» **WORK REQUIRED**:
Both the line with "Christian child girl" and the line with "Hidden Lake, Colorado" in the records below must appear in the output, along with every line between them, exactly and with nothing added.

(Caption-style text data)
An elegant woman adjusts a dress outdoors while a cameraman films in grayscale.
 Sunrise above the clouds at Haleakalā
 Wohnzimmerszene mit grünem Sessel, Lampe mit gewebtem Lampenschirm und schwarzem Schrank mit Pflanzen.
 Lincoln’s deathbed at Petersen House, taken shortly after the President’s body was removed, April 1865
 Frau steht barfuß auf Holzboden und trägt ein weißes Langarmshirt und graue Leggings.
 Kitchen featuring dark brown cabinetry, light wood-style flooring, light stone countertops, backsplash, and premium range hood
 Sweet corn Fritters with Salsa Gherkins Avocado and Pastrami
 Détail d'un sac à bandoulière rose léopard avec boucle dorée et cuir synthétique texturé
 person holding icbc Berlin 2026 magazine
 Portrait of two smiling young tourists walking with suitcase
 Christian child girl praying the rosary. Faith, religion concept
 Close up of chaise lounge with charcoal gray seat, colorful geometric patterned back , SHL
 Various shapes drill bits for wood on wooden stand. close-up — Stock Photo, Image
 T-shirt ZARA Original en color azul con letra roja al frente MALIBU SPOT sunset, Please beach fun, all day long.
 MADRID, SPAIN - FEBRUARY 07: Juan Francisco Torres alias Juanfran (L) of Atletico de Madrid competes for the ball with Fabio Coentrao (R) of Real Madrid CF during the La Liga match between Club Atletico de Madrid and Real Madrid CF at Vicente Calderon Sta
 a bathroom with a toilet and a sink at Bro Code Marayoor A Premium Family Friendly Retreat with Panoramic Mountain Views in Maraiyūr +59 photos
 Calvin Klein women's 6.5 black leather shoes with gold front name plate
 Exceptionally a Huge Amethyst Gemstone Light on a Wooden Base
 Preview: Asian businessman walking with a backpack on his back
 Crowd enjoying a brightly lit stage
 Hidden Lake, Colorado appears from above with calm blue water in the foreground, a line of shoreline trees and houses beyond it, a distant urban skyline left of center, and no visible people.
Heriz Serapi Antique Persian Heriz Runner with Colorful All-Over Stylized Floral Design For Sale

» **RESULT OF THE TASK**:
 Christian child girl praying the rosary. Faith, religion concept
 Close up of chaise lounge with charcoal gray seat, colorful geometric patterned back , SHL
 Various shapes drill bits for wood on wooden stand. close-up — Stock Photo, Image
 T-shirt ZARA Original en color azul con letra roja al frente MALIBU SPOT sunset, Please beach fun, all day long.
 MADRID, SPAIN - FEBRUARY 07: Juan Francisco Torres alias Juanfran (L) of Atletico de Madrid competes for the ball with Fabio Coentrao (R) of Real Madrid CF during the La Liga match between Club Atletico de Madrid and Real Madrid CF at Vicente Calderon Sta
 a bathroom with a toilet and a sink at Bro Code Marayoor A Premium Family Friendly Retreat with Panoramic Mountain Views in Maraiyūr +59 photos
 Calvin Klein women's 6.5 black leather shoes with gold front name plate
 Exceptionally a Huge Amethyst Gemstone Light on a Wooden Base
 Preview: Asian businessman walking with a backpack on his back
 Crowd enjoying a brightly lit stage
 Hidden Lake, Colorado appears from above with calm blue water in the foreground, a line of shoreline trees and houses beyond it, a distant urban skyline left of center, and no visible people.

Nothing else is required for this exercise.